Despite the significant jump in crop futures prices, we see a host of factors helping to delay and/or mitigate the impact on inflation … On the policy front, our EM [emerging markets] team expects local central banks to remain focused on growth … But even if higher food prices constrain central banks on the margin, the impact on global growth should be limited.
Economists, however, always like to leave themselves an escape route to change their outlook down the road, and they are doing so again. The impact of high food prices on global growth will depend on how high those prices go. That will depend on factors that are impossible to predict — the weather, for example. A bit more rain in the U.S. Midwest might salvage some of the corn crop and bring prices down, for example.
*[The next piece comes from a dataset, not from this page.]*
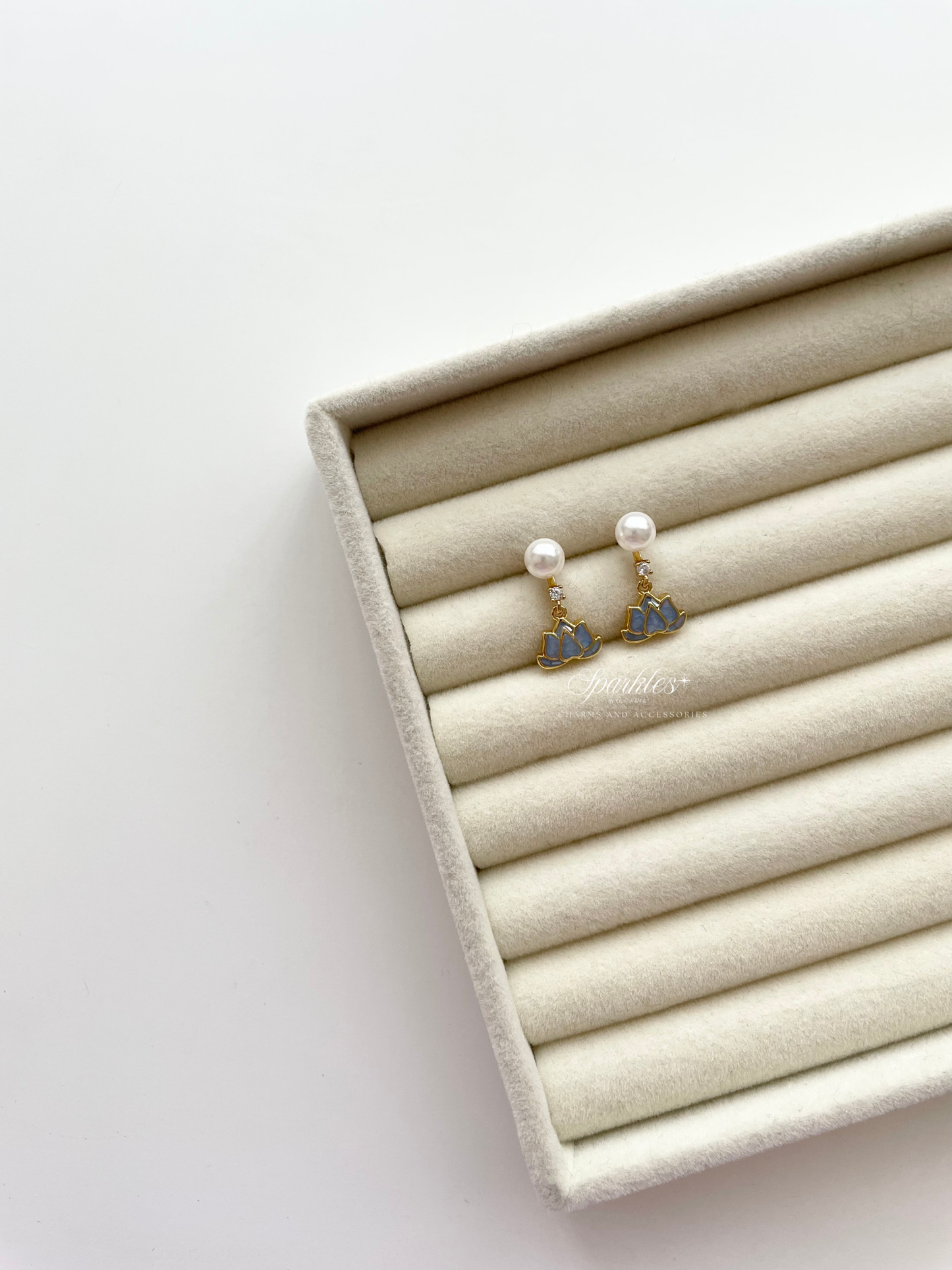ce86 Blue Lotus Dangling Earrings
Or continued drought in the U.S. combined with problems elsewhere in the world (for example, a feeble Indian monsoon) could conspire to deal a harder blow to the global economy. Personally, I’m more negative than the Merrill gang about the effect of rising food prices. I think consumer sentiment, especially in the advanced economies, is so fragile right now that bigger bills at the supermarket, even only slightly bigger bills, could convince many families of the need to retrench.
(MORE: Food Fight! Stores, Producers, Consumers Battle over High Food Prices)
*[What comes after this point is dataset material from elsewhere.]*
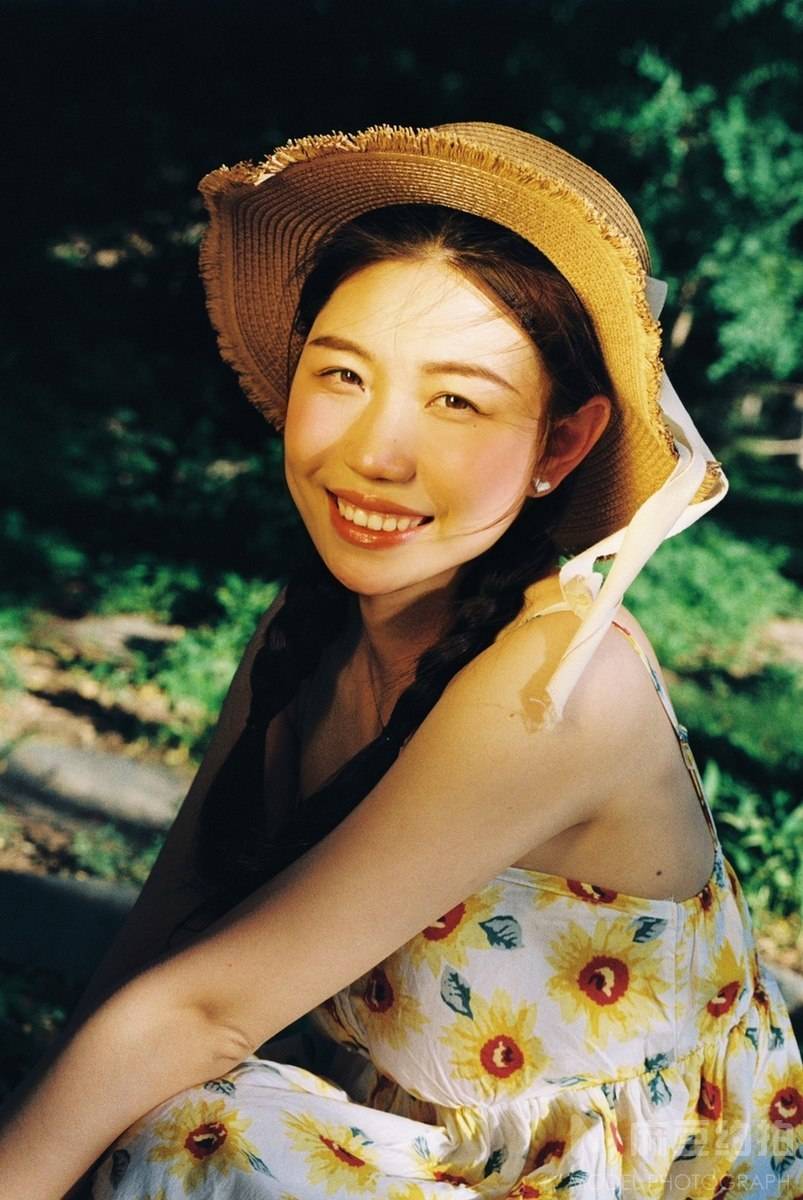 胶片模特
Generally, though, this third food-price scare in five years shows yet again how badly we need to invest in global agriculture. The problems we’re facing today are an outgrowth of long-term trends — greater wealth in the developing world, a lack of investment in rural infrastructure, falling yield growth — that are altering the supply-demand equation in world food markets, making them more susceptible to bad harvests, natural disasters and other unexpected shocks. So be prepared to get that sickening, familiar feeling again and again.